Copilot/Codex Review Instructions (Strict Output Format)

When reviewing code, use this response pattern for each likely violation:

1) Identify the chain

  • Quote the exact chain
  • Name the owner and the stranger(s)

2) Explain the coupling

  • What internal structure is leaked?
  • Why will refactors be harder?
  • Why is this especially risky if async/actor-based?

3) Propose a Swift-idiomatic replacement

  • Prefer property for cheap data
  • Prefer method for async/throws/work
  • Avoid getX() naming

4) Show a minimal patch direction

  • Add owner-level property/method
  • Replace call site
  • Preserve behavior

5) Classify severity

  • High / Medium / Low (with a one-line reason)

Review Comment Templates (Strict)

Template: medium severity (sync chain)

  • LoD concern (medium): company.employee(for: id)?.address.city reaches through Employee into Address, which leaks internal structure to the caller.
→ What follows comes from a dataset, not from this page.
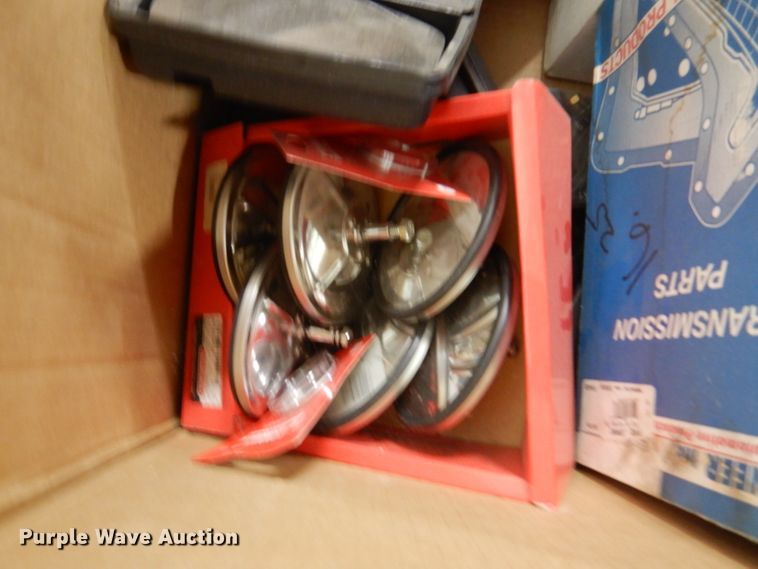 image for item DY9598 Truck parts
Consider adding company.city(for:) (or Employee.city if that’s the right ownership boundary) and calling that instead.

Template: high severity (async/actor chain)
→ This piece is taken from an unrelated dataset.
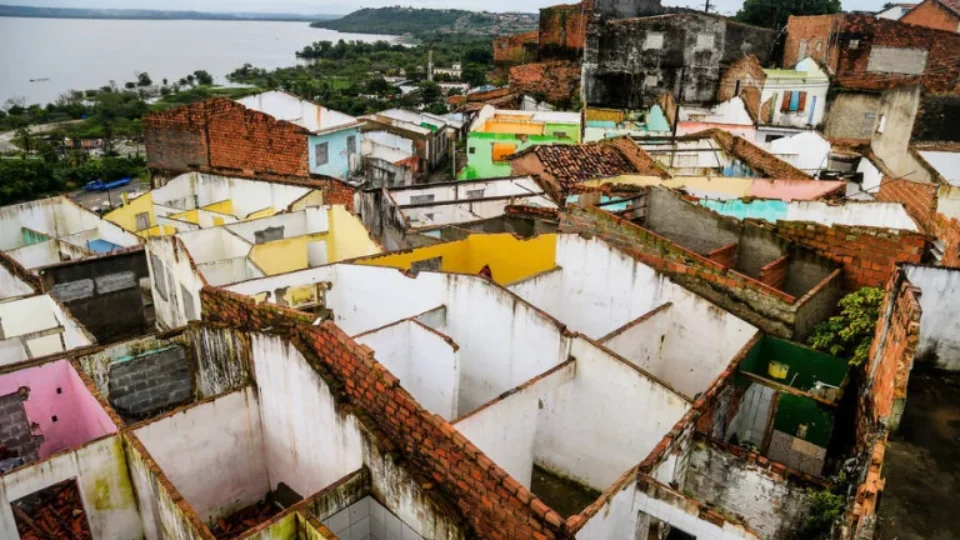 Justiça torna Braskem ré em caso de afundamento de bairros em Maceió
  • LoD concern (high): try await accountService.currentAccount().owner.notificationSettings.marketingEmailsEnabled crosses an async boundary and then traverses nested internals. This tightly couples callers to Account/User/NotificationSettings layout. Prefer an intent-level API such as try await accountService.marketingEmailsEnabled().

Template: naming reminder

  • Swift API naming: If you add a replacement API, prefer Swift-style names (city, city(for:), marketingEmailsEnabled()) rather than Java-style getCity() / getMarketingEmailsEnabled().

Quick Decision Rules (Strict)

Flag immediately if

  • 2+ domain hops (a.b.c in business logic)
  • async/await + traversal (await x().y.z)
  • public API returns structure only to force traversal by callers
  • repeated chain smells in multiple files

Usually allow if

  • stdlib pipeline chain
  • string/value fluent transformations
  • builder/DSL chain
  • localized DTO mapping code at a boundary

If unsure

Treat as review note and ask:

  • “Can this caller ask an owner for intent-level data instead?”

Anti-Regression Guidance

After refactoring one LoD violation, look for siblings:

  • Same chain in other files
  • Similar chains on the same type
  • Tests that still mock deep internals
  • Public APIs that encourage traversal

If found, propose a small follow-up refactor to centralize the new owner-level API.


Bottom Line

Strict mode favors maintainability over convenience.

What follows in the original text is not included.